W drugim meczu WTA Finals w Rijadzie Iga Świątek przegrała z turniejową “trójką”, Coco Gauff. Amerykanka pokonała naszą tenisistkę 2:0 (6:3, 6:4). Polka nie wykorzystała więc zatem okazji, aby dostać się do półfinału, Iga wciąż ma jednak szanse na awans.

Dzisiejszy pojedynek był rywalizacją wygranych pierwszych spotkań w pomarańczowej grupie B. Wcześniej Iga Świątek pokonała Krejcikovą, a Gauff była lepsza w starciu z Pegulą. Zatem zwyciężczyni dzisiejszego starcia miała zapewniony awans do półfinału zmagań w Rijadzie. Świątek czekał dziś trudny pojedynek z świetnie grającą ostatnio zawodniczką rozstawioną z numerem 3. w tabeli WTA.

W pierwszym secie długo obserwowaliśmy wyrównaną rywalizację bez przełamań, choć kilka razy blisko tego czynu była Gauff. W końcu udało jej się to w siódmym gemie, tym samym Amerykanka wyszła na prowadzenie. Przy kolejnym serwisie Gauff dokonała tego ponownie. co zaowocowało jej zwycięstwem w pierwszej odsłonie meczu, 6:3.

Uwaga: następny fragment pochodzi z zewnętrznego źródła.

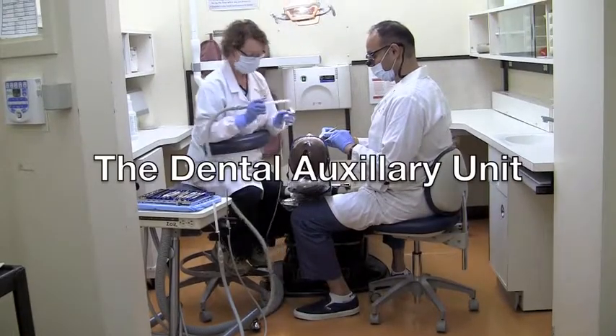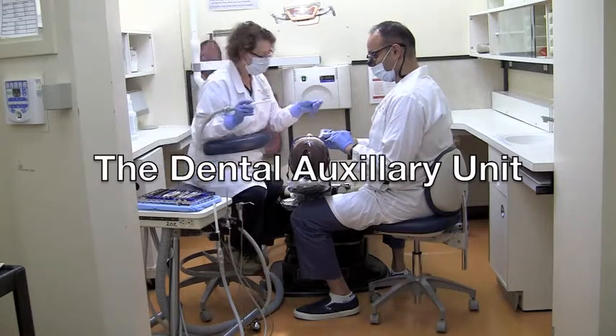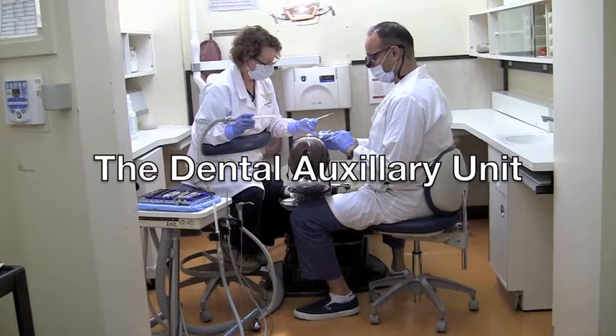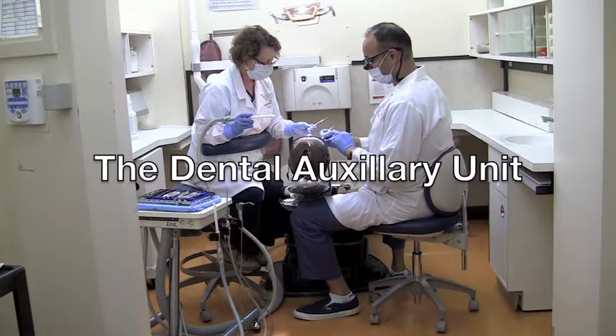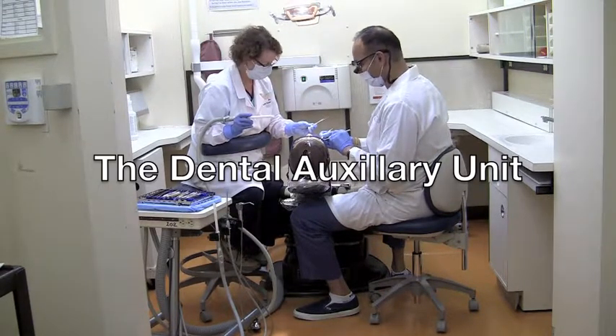The Dental Auxiliary Unit is any of the dentist's supporting team who helps in the delivery of patient treatments. A dental assistant plays a vital role in the oral health care of our patients by making procedures more efficient through instrument transfers, moisture control in the operative field, as well as mixing and dispensing materials. This video will provide you with some basic skills to help you assist in the dental clinic.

Druga partia rozpoczęła się korzystnie dla Igi, która wyszła na prowadzenie 2:1, ale tuż za chwilę Amerykanka również przełamała naszą zawodniczkę. Po sześciu gemach sytuacja się powtórzyła – Świątek była lepsza przy serwisie rywalki, ale Gauff przy podaniu Igi odpłaciła się jej tym samym. Niestety w końcówce Amerykanka jeszcze raz przełamała Polkę i wygrała 6:4. Tym samym Iga musiała pogodzić się z goryczą porażki i oddać wyższość rywalce. Świątek na kort w Rijadzie wróci w czwartek, zmierzy się wówczas z Jessicą Pegulą. Pojedynek będzie kluczowy w walce o awans.